Percentage of valid latitude and longitude
Verifies that the percentage of valid latitude and longitude values are above the set threshold.
PROBLEM
Austin-311-Public-Data provides the residents of Austin with a simple single point of contact for every city department.
What started as police non-emergency line for the City of Austin has become a robust Citywide Information Center where ambassadors are available to answer residents’ concerns 24 hours a day, 7 days a week, and 365 days a year.
The dataset contain the list of service requests with unique key, descriptions, status, address as well as its longitude and latitude coordinates.
We want to verify the percentage of valid latitude and longitude values in latitude
and longitude
columns, respectively.
SOLUTION
We will verify the data of bigquery-public-data.austin_311.311_service_requests
using profiling
valid_latitude_percent and
valid_longitude_percent column checks.
Our goal is to verify if the percentage of valid latitude values in the latitude
and longitude
columns are above the set threshold.
In this example, we will set three minimum percentage thresholds levels for the check:
- warning: 99.0%
- error: 98.0%
- fatal: 95.0%
If you want to learn more about checks and threshold levels, please refer to the DQO concept section.
VALUE
If the percentage of valid latitude or longitude values is below 99%, a warning alert will be triggered.
Data structure
The following is a fragment of the bigquery-public-data.austin_311.311_service_requests
dataset. Some columns were
omitted for clarity.
The latitude
and longitude
columns of interest contains valid values.

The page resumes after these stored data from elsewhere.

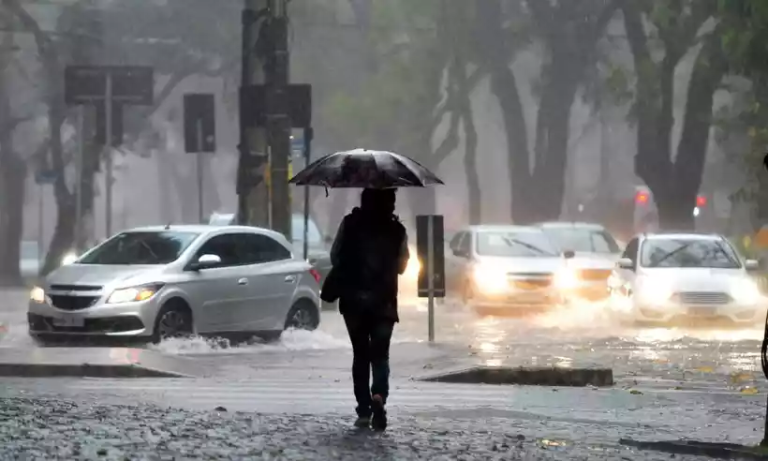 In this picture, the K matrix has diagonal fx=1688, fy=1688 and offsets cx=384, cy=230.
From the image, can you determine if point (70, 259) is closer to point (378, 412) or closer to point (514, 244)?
point (514, 244)

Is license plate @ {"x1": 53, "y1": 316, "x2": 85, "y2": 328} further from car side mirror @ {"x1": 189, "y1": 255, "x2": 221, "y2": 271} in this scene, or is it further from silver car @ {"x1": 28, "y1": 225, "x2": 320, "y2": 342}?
car side mirror @ {"x1": 189, "y1": 255, "x2": 221, "y2": 271}

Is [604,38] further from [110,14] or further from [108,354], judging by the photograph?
[108,354]

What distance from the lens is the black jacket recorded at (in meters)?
11.4

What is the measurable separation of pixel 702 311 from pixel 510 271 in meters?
4.91

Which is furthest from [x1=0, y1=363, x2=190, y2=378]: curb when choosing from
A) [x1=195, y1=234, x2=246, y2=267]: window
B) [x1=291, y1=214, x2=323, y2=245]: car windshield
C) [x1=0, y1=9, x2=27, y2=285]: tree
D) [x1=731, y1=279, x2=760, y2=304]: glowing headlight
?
[x1=0, y1=9, x2=27, y2=285]: tree

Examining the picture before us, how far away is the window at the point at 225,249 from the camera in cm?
2075

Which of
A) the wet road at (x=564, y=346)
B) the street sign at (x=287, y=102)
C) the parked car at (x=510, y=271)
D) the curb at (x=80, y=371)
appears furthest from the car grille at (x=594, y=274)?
the curb at (x=80, y=371)

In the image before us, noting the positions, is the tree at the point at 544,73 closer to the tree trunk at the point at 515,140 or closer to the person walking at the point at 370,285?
the tree trunk at the point at 515,140

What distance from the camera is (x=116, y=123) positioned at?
87.6 feet

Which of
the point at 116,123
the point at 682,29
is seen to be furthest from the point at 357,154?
the point at 682,29

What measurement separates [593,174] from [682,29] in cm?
5505

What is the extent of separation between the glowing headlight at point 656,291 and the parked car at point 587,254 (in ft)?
19.1

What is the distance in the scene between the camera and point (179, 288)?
19859 mm

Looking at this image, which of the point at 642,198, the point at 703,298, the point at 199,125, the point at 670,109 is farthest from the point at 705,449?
the point at 642,198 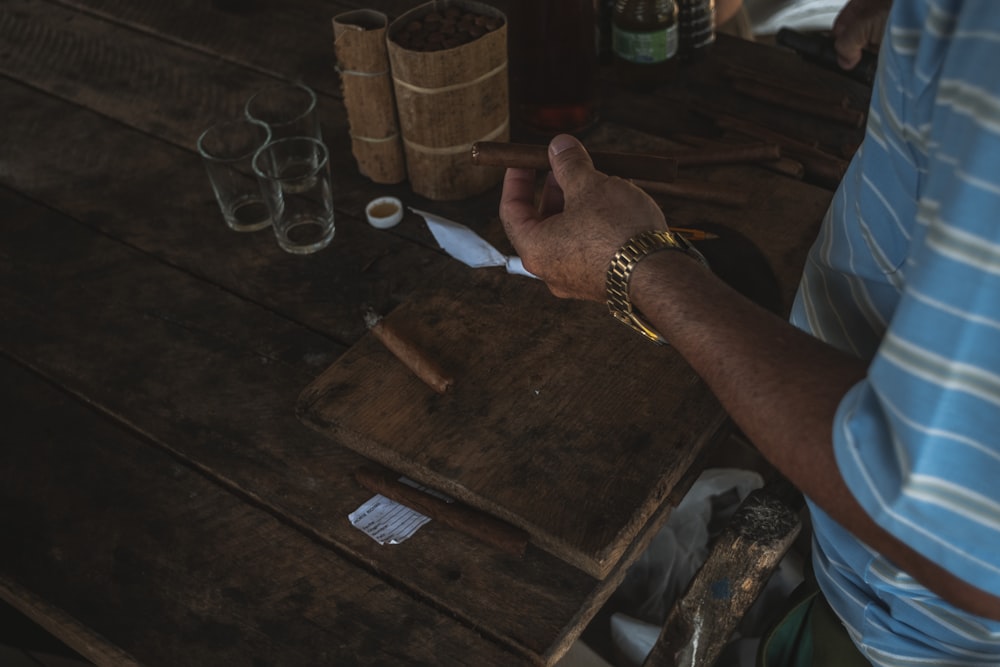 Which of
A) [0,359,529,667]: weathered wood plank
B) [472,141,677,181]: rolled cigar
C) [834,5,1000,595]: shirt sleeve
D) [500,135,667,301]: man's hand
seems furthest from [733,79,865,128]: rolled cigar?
[0,359,529,667]: weathered wood plank

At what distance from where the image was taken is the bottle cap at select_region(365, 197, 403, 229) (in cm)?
139

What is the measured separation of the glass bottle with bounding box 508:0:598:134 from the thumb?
49 cm

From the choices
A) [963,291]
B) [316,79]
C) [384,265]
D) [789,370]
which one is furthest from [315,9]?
[963,291]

unique_key | complaint_description | incident_address | latitude | longitude |
---|---|---|---|---|
14-00000261 | Sign - Traffic Sign Maintenance | 1411 MEARNS MEADOW BLVD, AUSTIN, TX | 30.37525546 | -97.70466813 |
14-00000296 | Sign - Traffic Sign Maintenance | DEER LN & BRODIE LN, AUSTIN, TX | 30.19429024 | -97.84298292 |
14-00001646 | Animal Control - Assistance Request | WHITESTONE | 30.53892395 | -97.77471976 |
14-00001647 | Sign - Traffic Sign Maintenance | METRIC | 30.38409576 | -97.71474292 |
14-00001648 | Code Compliance | LA NARANJA | 30.21519414 | -97.8738822 |
14-00001649 | Code Compliance | DUBUQUE | 30.31488504 | -97.6673545 |
14-00001650 | Loose Dog | LOS INDIOS TRL & MC NEIL DR | 30.43736609 | -97.76050242 |
14-00001651 | Traffic Signal - Maintenance | PLEASANT VALLEY | 30.17838134 | -97.74744183 |
14-00001652 | ARR Missed Yard Trimmings /Organics | PROVENCIAL | 30.28755755 | -97.66188875 |
14-00001654 | Parking Ticket Complaint | 9TH | 30.27091532 | -97.7417791 |
YAML configuration file
The YAML configuration file stores both the table details and checks configurations.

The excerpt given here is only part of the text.